* **Exercise data**
++++++++++++++++++++
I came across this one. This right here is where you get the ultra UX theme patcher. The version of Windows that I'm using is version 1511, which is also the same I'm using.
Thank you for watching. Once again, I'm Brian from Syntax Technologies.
++++++++++++++++++++
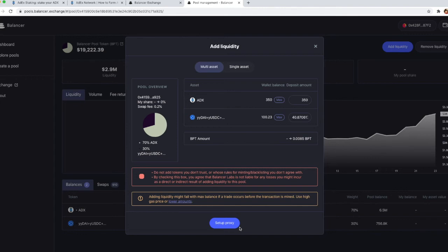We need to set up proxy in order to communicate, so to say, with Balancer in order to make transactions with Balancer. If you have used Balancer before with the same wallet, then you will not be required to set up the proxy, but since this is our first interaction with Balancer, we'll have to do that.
++++++++++++++++++++
* **Activity**
Look through the data above and return exactly the lines from the one that contains "I came across" to the one that contains "Thank you for", inclusive, with nothing else.

* **Problem solution**
I came across this one. This right here is where you get the ultra UX theme patcher. The version of Windows that I'm using is version 1511, which is also the same I'm using.
Thank you for watching. Once again, I'm Brian from Syntax Technologies.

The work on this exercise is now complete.